Developers write suites and specs using describe and it blocks, leveraging beforeEach and afterEach hooks for fixture management; assertions use expect with expressive matchers like toEqual and toBeDefined. Asynchronous patterns rely on done callbacks, returned Promises, or async functions aligning with ECMAScript 2017 semantics, facilitating tests for APIs exposed by libraries such as Axios (software), Fetch API, or Socket.IO. Example workflows involve invoking Jasmine through test runners like Karma (test runner) or direct Node.js invocation, and integrating with debugging tools in Chrome DevTools or IDEs such as Visual Studio Code and WebStorm. The syntax and lifecycle mirror conventions familiar from RSpec and JUnit but adapted for JavaScript's event loop and single-threaded model.

Ecosystem and Tooling

The Jasmine ecosystem includes test runners, reporters, matchers, and helper libraries created by the community and organizations.
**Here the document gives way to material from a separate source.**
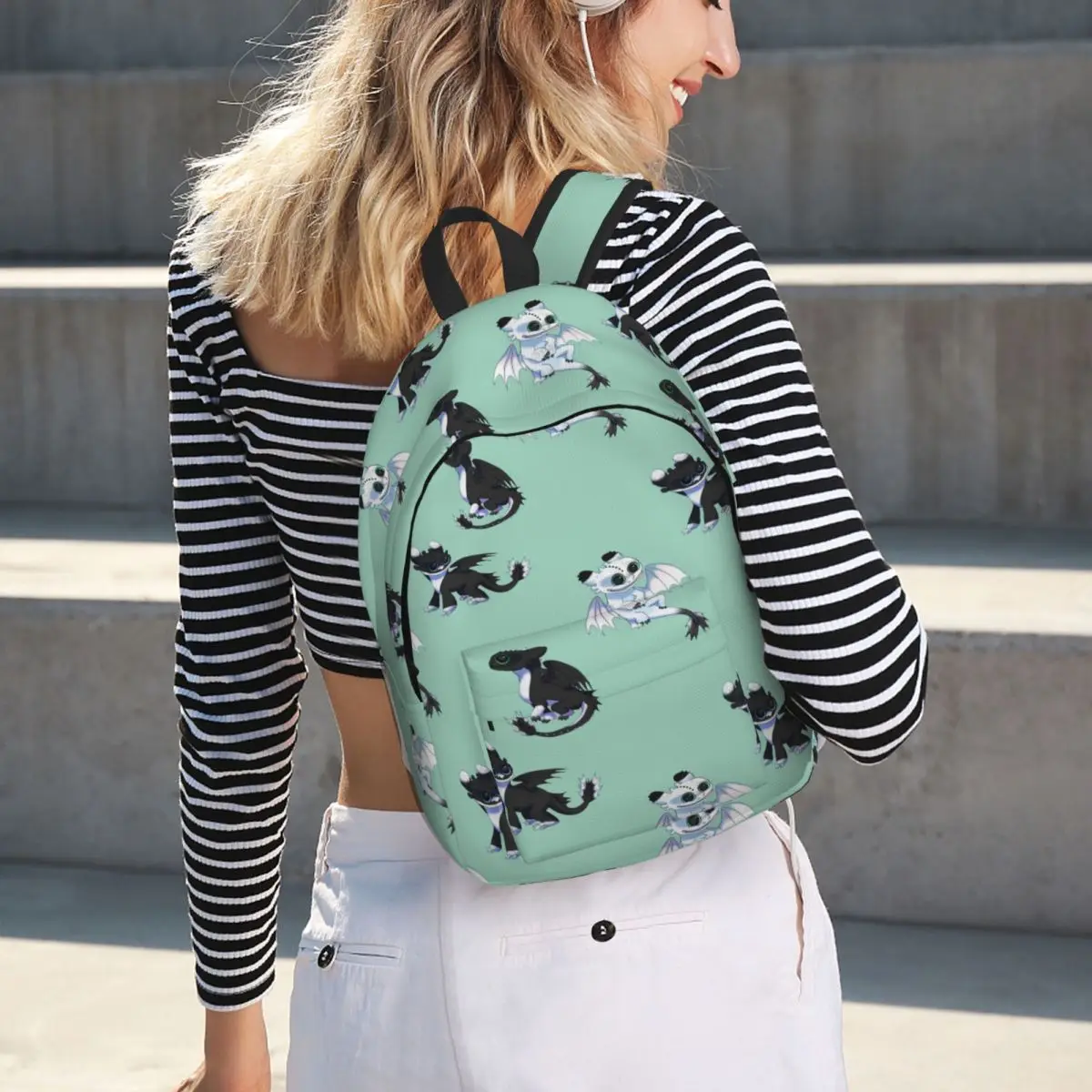 Night Light Repeating Pattern Backpack Student BookBag Children School Bag Laptop Shoulder Bags for Men Women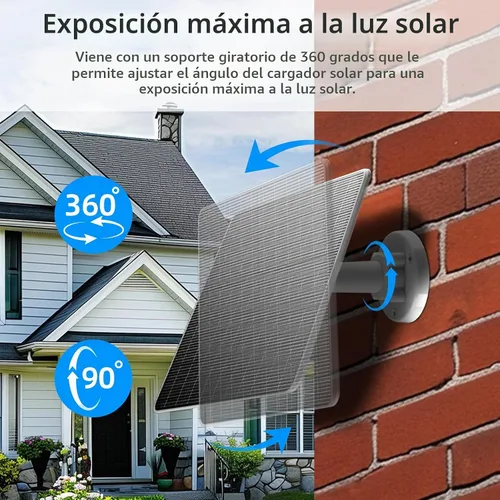 Vista 2 de Cargador de panel solar plegable con carga de puerto USB para smartphone, banco de energía, dispositivos pequeños (2 piezas de 6 W)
Notable tooling includes adapters for Karma (test runner), plugins for Webpack, CLI wrappers for npm (software) scripts, and reporter integrations producing output for SonarQube and CI systems like Travis CI and GitHub Actions. Third-party libraries provide additional matchers and utilities compatible with frameworks such as Angular (application platform), Ember.js, and Backbone.js, while mocking and code-coverage tools like Istanbul (software) (nyc) and Codecov are commonly used alongside Jasmine to measure test coverage. Integration points with package managers like npm (software) and Yarn (software) facilitate installation and version management across monorepos and microservice projects favored by companies like Airbnb and Spotify.

Adoption and Comparisons

Jasmine has been adopted by projects ranging from single-page applications used by PayPal and LinkedIn to backend services running on Node.js in organizations like Netflix and Walmart. Compared to frameworks such as Mocha (JavaScript framework), AVA, and Tape, Jasmine emphasizes an all-in-one experience with built-in assertion and spying capabilities similar to JUnit in the Java world. Trade-offs include Jasmine's imperative DSL versus the more modular plugin-oriented approaches championed by other projects; adopters evaluate factors such as parallelism, reporter flexibility, and integration with the CI/CD pipelines used by enterprises like Facebook and Amazon.

Community and Development

Development of the framework continues on collaborative platforms like GitHub with contributions from individual maintainers and companies including Pivotal Software and community members active in conferences such as JSConf and js.org meetups. The project's governance follows typical open-source practices with issue tracking, pull requests, and release management; community resources include documentation sites, example repositories maintained by organizations like Google and tutorial content produced by educators on platforms such as Pluralsight and Udemy. Ongoing discussions around modern JavaScript features, compatibility with projects like TypeScript, and workflows integrating Docker and cloud CI services shape the roadmap and ecosystem contributions.